In their work on culture this week, our staff were guided by organisational psychologist Hayley Lokan, from ISC Consulting, who described culture and both intangible and palpable. She shared Robert Kreitner and Angelo Kinicki’s definition of culture as “the set of shared, taken-for-granted implicit assumptions that a group holds and that determines how it perceives, thinks about, and reacts to its various environments”. Hayley likened culture to an iceberg and challenged us to look beyond the visible aspects of culture to interrogate our deep-seated assumptions. It reminded me of one of the findings from my PhD study: that in order to change our behaviour we often need to change our beliefs. In order to shift culture we need to challenge our norms, and our accepted attitudes, beliefs, and behaviours. Story, symbols, rituals, and traditions are important markers of and continuers of culture, but we need to be honest about those things that we allow to continue that are not aligned with our moral purpose or current community. Context, as always, is Queen, and our communities and their needs change over time.

This week’s staff workshops and student panel on culture revealed insights into the school. Staff described the school’s culture as supportive, caring, welcoming, inclusive, kind, collaborative, friendly, aspirant, dedicated, proud, respectful, hard working, and with a mixture of tradition and trailblazing dynamism.
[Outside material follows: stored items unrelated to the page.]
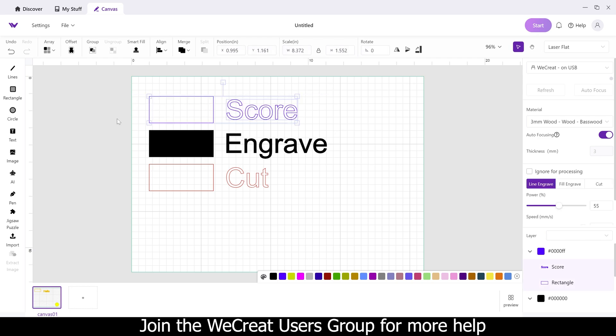I'm going to highlight the scored area here, and in order to get this, you need to do a line engrave. Instead of just having the word score here, they put line engrave. I don't know why they call it line engrave, but this is a score.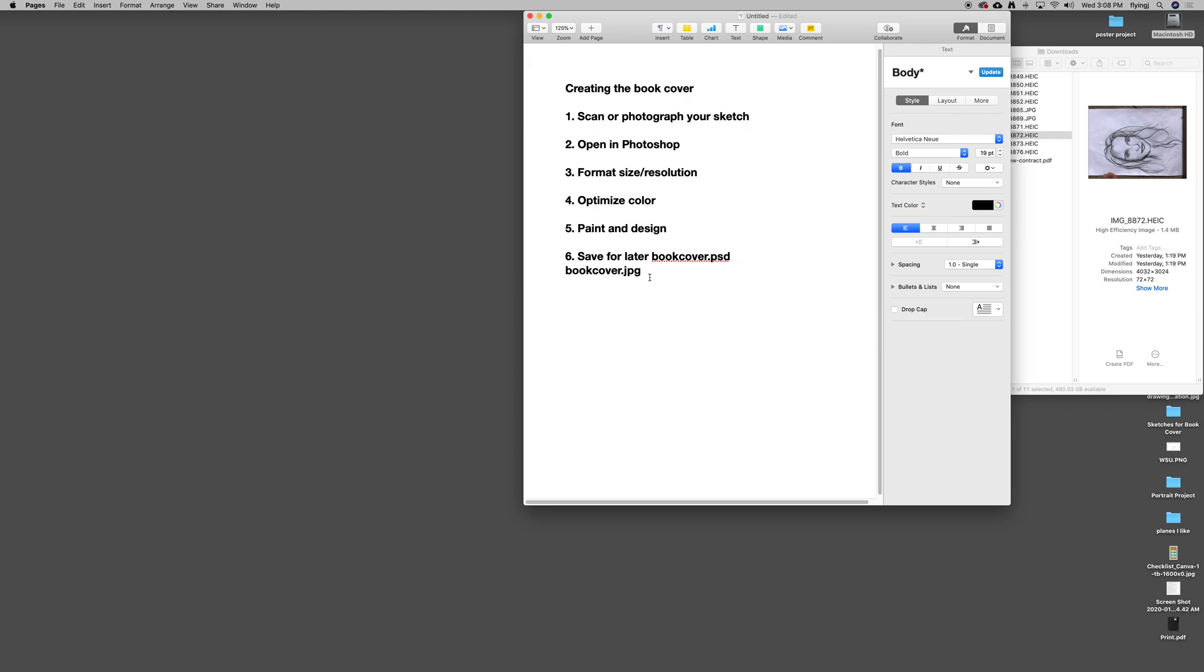Our goal today is to scan or photograph our sketch, get it into Photoshop, and format it to its proper size, which is 8 by 10 inches. It will be 300 pixels per inch.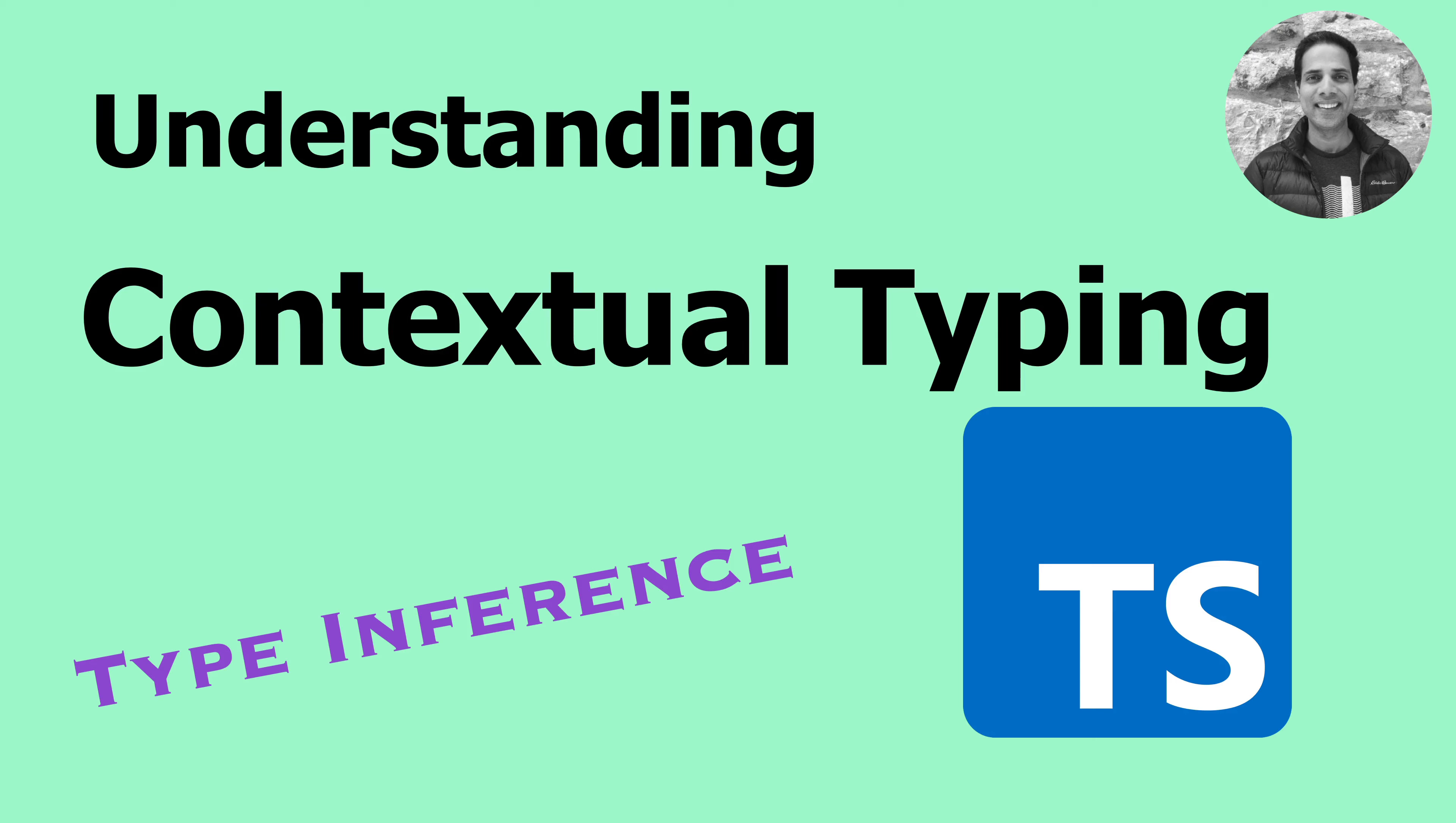Hello friends. It's Harith from Bonsai Labs. Today I will explain how contextual typing works in TypeScript.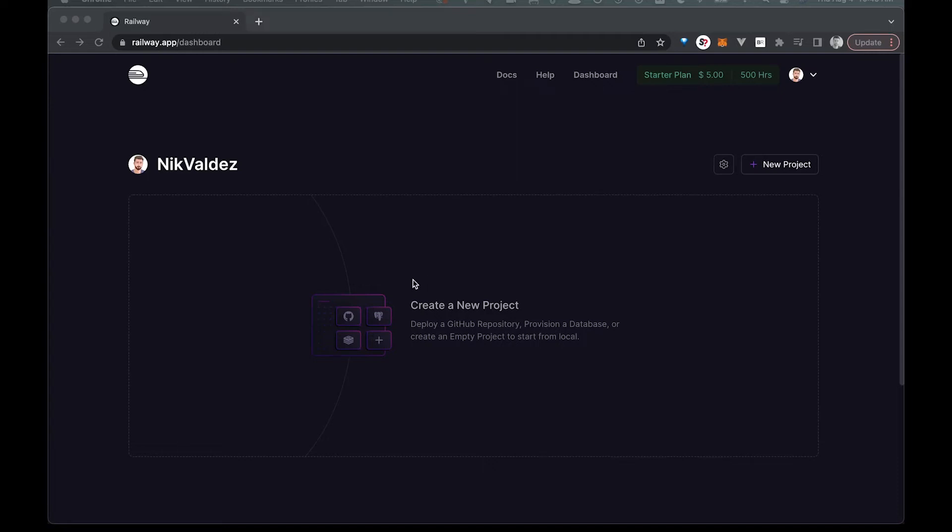Welcome back to the channel. In this video we are going to show you how you can deploy a full stack app to Railway in just a few seconds.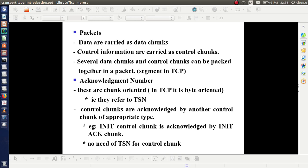We have data chunks to carry data and control chunks to carry control information. We can pack several data chunks and control chunks together, and this format is known as a packet. A packet consists of several data chunks as well as control chunks. It is somewhat similar to a segment in TCP.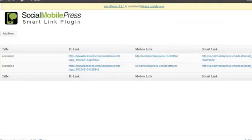So that's how you install and use the Social Mobile Press Smart Link plugin. Thank you, bye for now.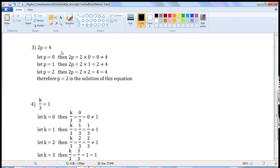Next one: 2p is equal to 4. We have to find the value of p. Let p is equal to 0. Then, 2p means 2 into p, so 2 into 0 is 0. 0 is not equal to 4.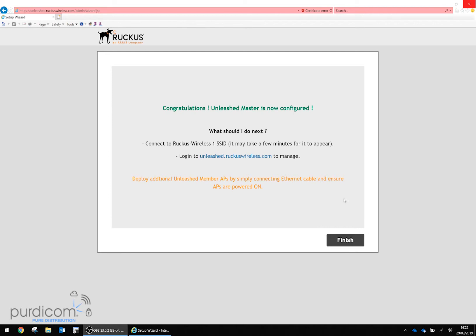The system has finished rebooting and is now back online. We've configured our first Unleash Master. Any subsequent access point will automatically join the Unleash network if it's on the same layer 2 subnet, and it will pick up its configuration from the Unleash master access point.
Students in a panel discussion described the culture as safe, caring, close-knit, empowering, inclusive, and one in which students feel encouraged to be their best while being supported during times of difficulty. In exploratory discussions about the future of our culture, staff began to wonder about how we might elevate wellbeing, agency, and celebration of the diversity of the individual, to strengthen what is great about our culture and to grow with our community.

If we can build and maintain a culture of trust in which there is openness, honest and gracious feedback, diverse voices, varied aspirations, and a commitment to lifting each other up, we can all learn, lead, be well, and be in community with one another. We will continue to ask ourselves, our students and our wider community:

  • What about our culture do we want to keep?
  • What about our culture might we like to change or develop?
  • What are our next steps to move forward with intentionality?